The theme of the talks was to make global trade work to benefit the poor. On the blackboard, this is done by dismantling tariffs and other restrictions on imports, freeing each nation to produce as much as it can sell of the goods that it produces best, relative to other products and countries. If every country did that, producers would get access to more markets, and consumers would have a maximum level of choice, low prices and high quality. All nations would benefit.
On the blacktop, however, when giant corporations, especially multinationals, can dictate prices, the whole system goes awry. Just a few American companies, for instance, control U.S. corn exports. Their near monopoly allows them to demand low prices for corn from U.S. farmers and then dump the corn at high volume and low prices all over the world.
This brings huge profits to agribusiness, at the expense of small farmers in rich and poor nations alike.
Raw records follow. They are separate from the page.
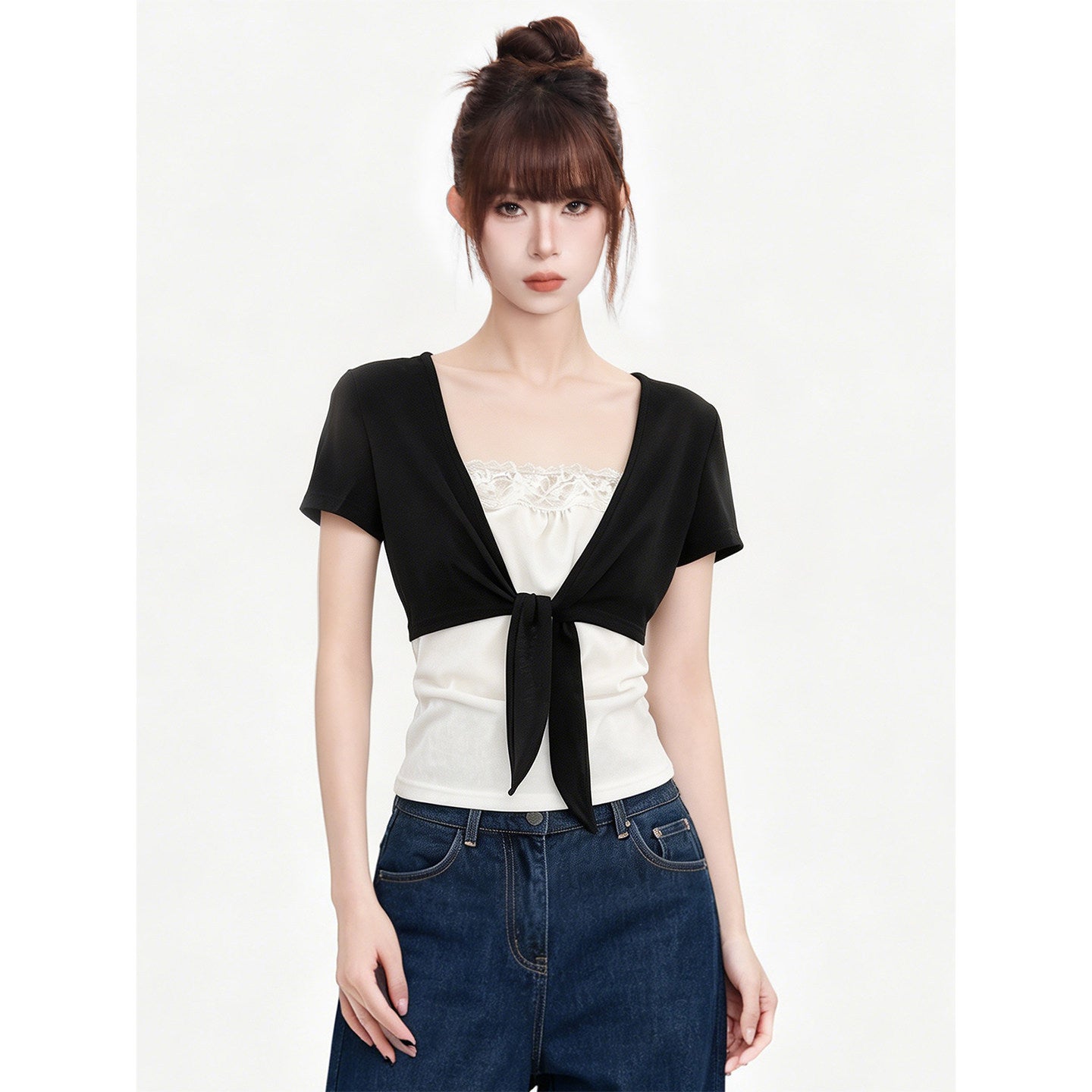 Short Sleeve T-Shirt for Women  Tie-Up Slim Fit Top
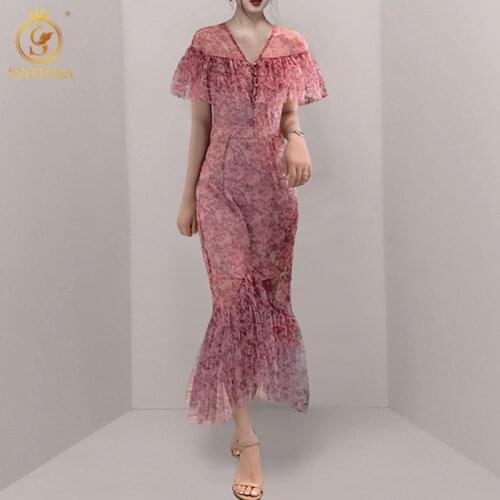SMTHMA French Short Sleeve Trumpet Mermaid Dress Women Sexy V-Neck Summer Print Party Dress 2021 New Arrival One-Piece Clothing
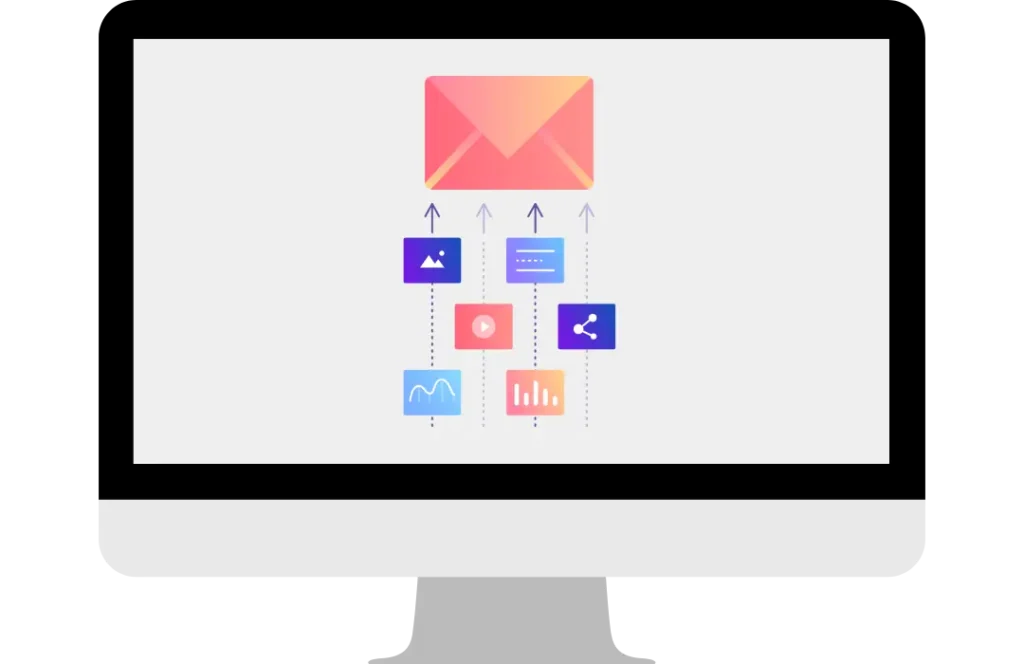 Illustration of a newsletter that integrates multimedia content for the e-mail marketing service.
Giant companies control the market in many of the most fruitful sectors of the global economy, such as high-technology goods, automobiles, banking and retail sales.
At the trade talks, developing nations were asked to open their doors to the global corporations with major reductions in import tariffs and investment rules, while the United States and Europe made limited cuts in agricultural tariffs and subsidies.
The poorer nations saw themselves as a group of kindergartners playing the Italian national soccer team: Their domestic farmers and industrial capitalists would just fall by the wayside. World Bank estimates showed that developed countries would have earned five times as much as the developing world, where income gains would have been less than a penny a day per person on average.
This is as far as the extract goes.